[Task goal]: Exclude all pictures. Then restate, word for word, the entries from the first line through the line that contains "Bootsgebiet/Flussgebiet von Wadi".

─── Data for this exercise ───

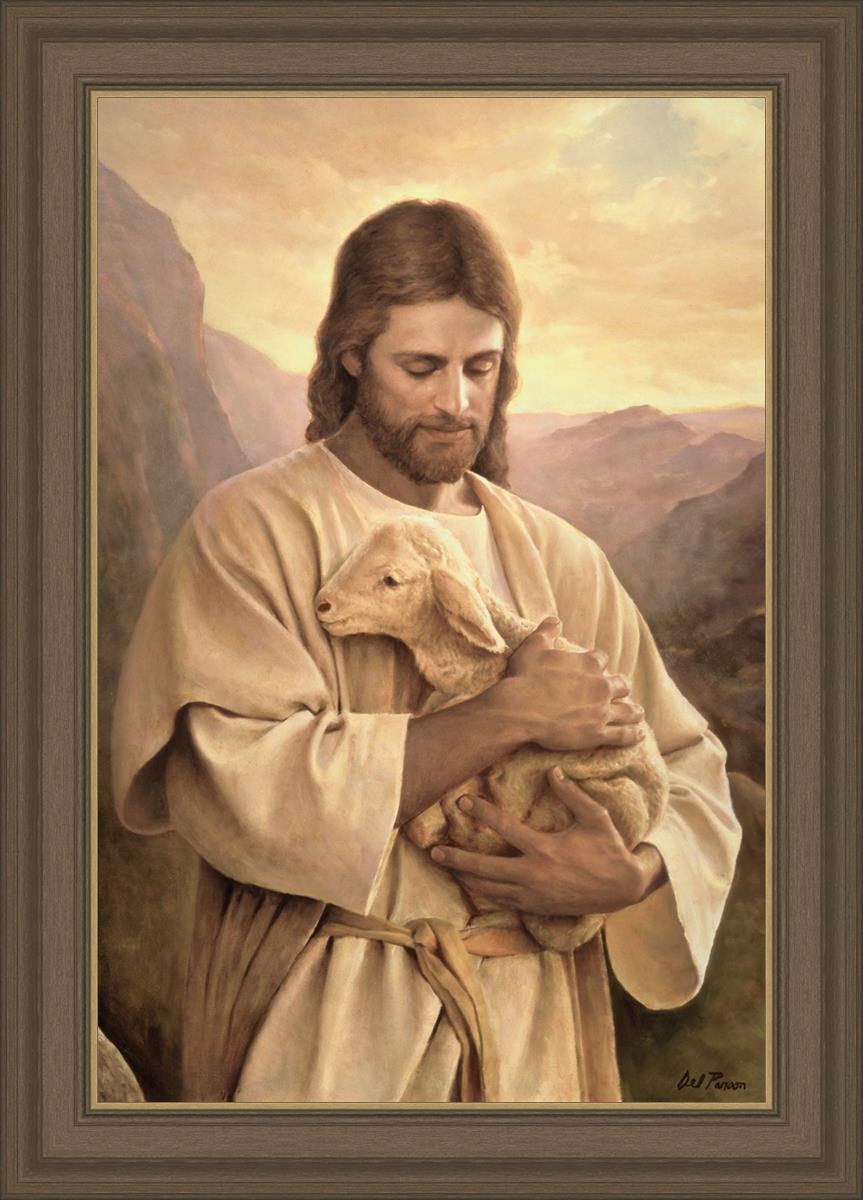 Lost Lamb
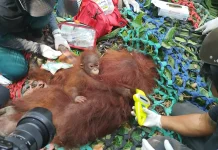 Karhutla Ancam Habitat, Empat Orangutan Dievakuasi di Ketapang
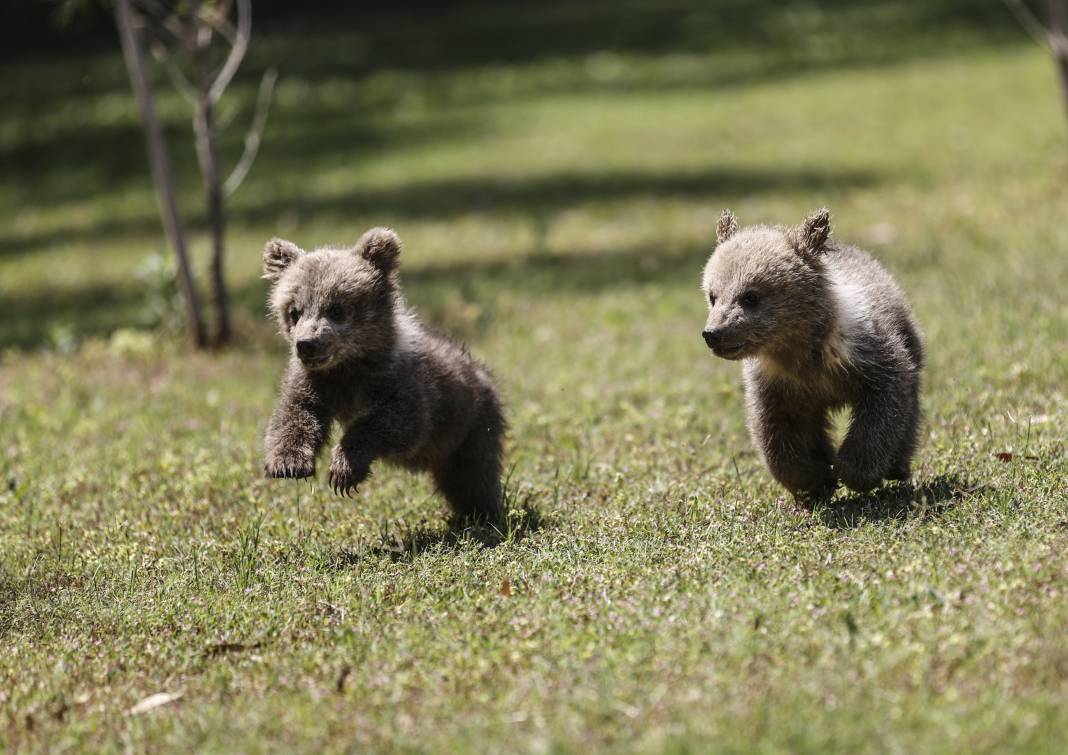 Taş Devri’nden ilham: ‘Fred’ ve ‘Barney’ doğaya hazırlanıyor 6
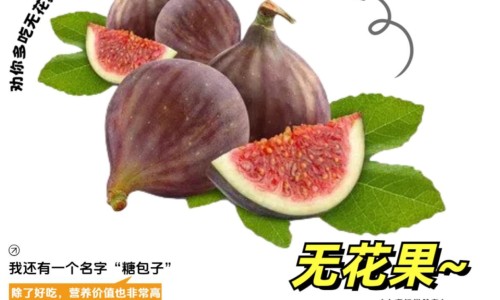 重庆生物有药用网 - 网站提供重庆地区的生物制药公司小常识、重庆生物制药公司排名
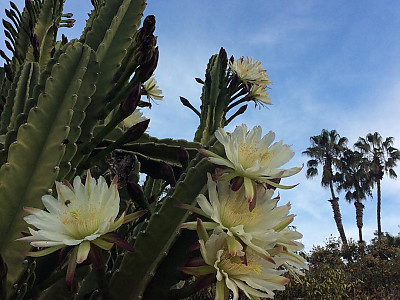 귀면각 사진 - Cereus peruvianus Mill. Photos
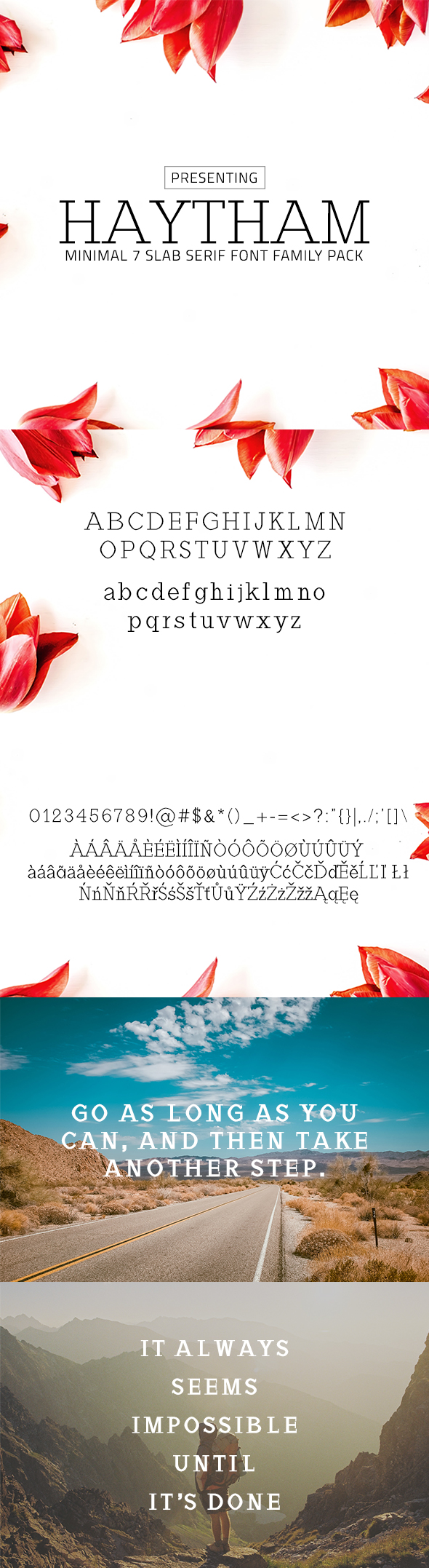 Haytham Minimal Slab Serif Typeface - Serif Fonts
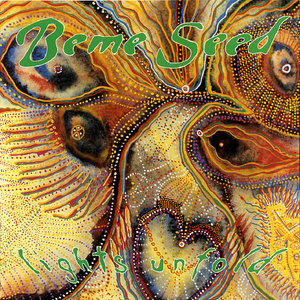 Lights Unfold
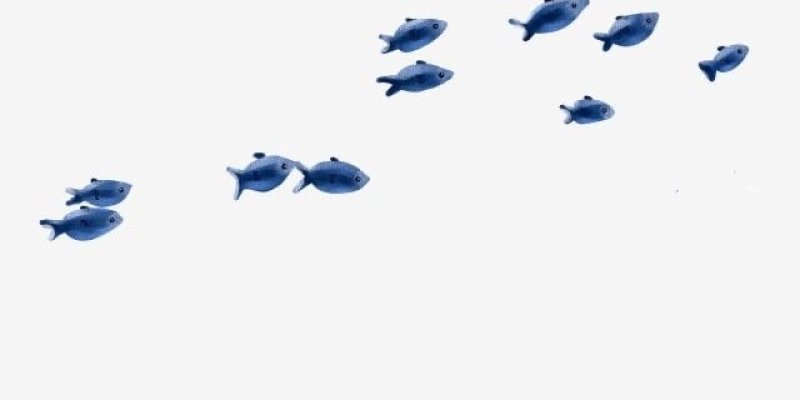 AES 30 Segerombolan Ikan (Komunitas Braga&Sekepicung)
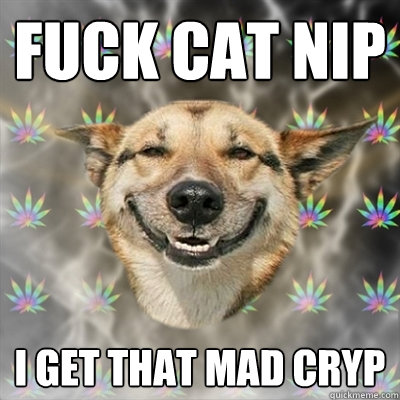 fuck cat nip i get that mad cryp   Stoner Dog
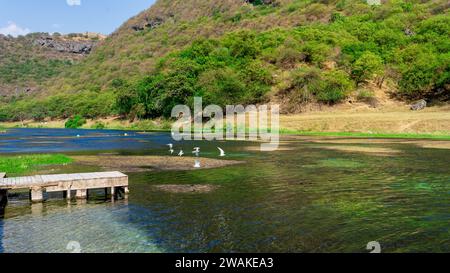 Bootsgebiet/Flussgebiet von Wadi Darbat in der Dhofar-Region von Oman Stockfoto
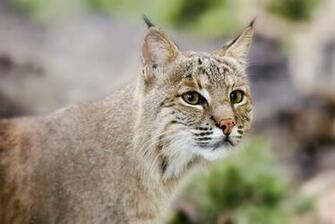 Bobcat Wallpaper Background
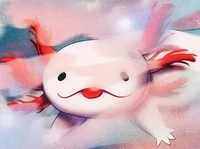 The Axolotl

───

[Written response]:
 Lost Lamb
 Karhutla Ancam Habitat, Empat Orangutan Dievakuasi di Ketapang
 Taş Devri’nden ilham: ‘Fred’ ve ‘Barney’ doğaya hazırlanıyor 6
 重庆生物有药用网 - 网站提供重庆地区的生物制药公司小常识、重庆生物制药公司排名
 귀면각 사진 - Cereus peruvianus Mill. Photos
 Haytham Minimal Slab Serif Typeface - Serif Fonts
 Lights Unfold
 AES 30 Segerombolan Ikan (Komunitas Braga&Sekepicung)
 fuck cat nip i get that mad cryp   Stoner Dog
 Bootsgebiet/Flussgebiet von Wadi Darbat in der Dhofar-Region von Oman Stockfoto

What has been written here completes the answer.